== GIVEN MATERIAL

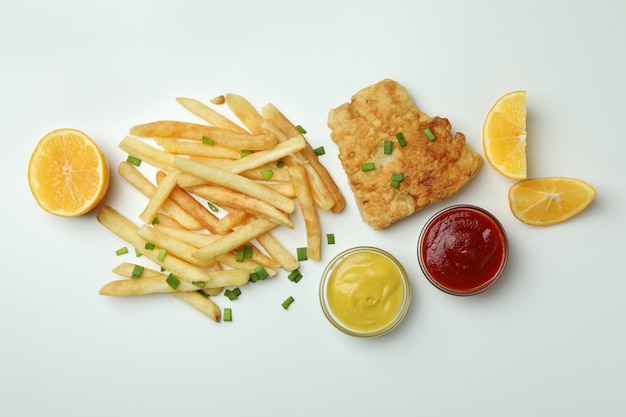 Fried fish and chips, sauces and lemon on white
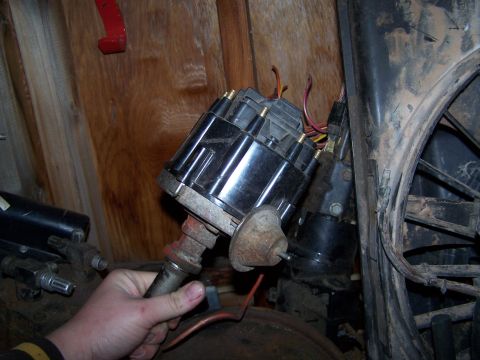 1969 Chevrolet C/K Pickup - A close-up view of a car's distributor assembly, held by a person's hand.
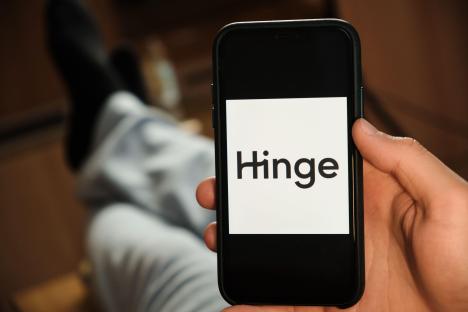 Smartphone displaying the Hinge dating app logo.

====

WORK TO BE COMPLETED: Please restate the material word for word; the pictures stay out.

RESPONSE AREA:
 Fried fish and chips, sauces and lemon on white
 1969 Chevrolet C/K Pickup - A close-up view of a car's distributor assembly, held by a person's hand.
 Smartphone displaying the Hinge dating app logo.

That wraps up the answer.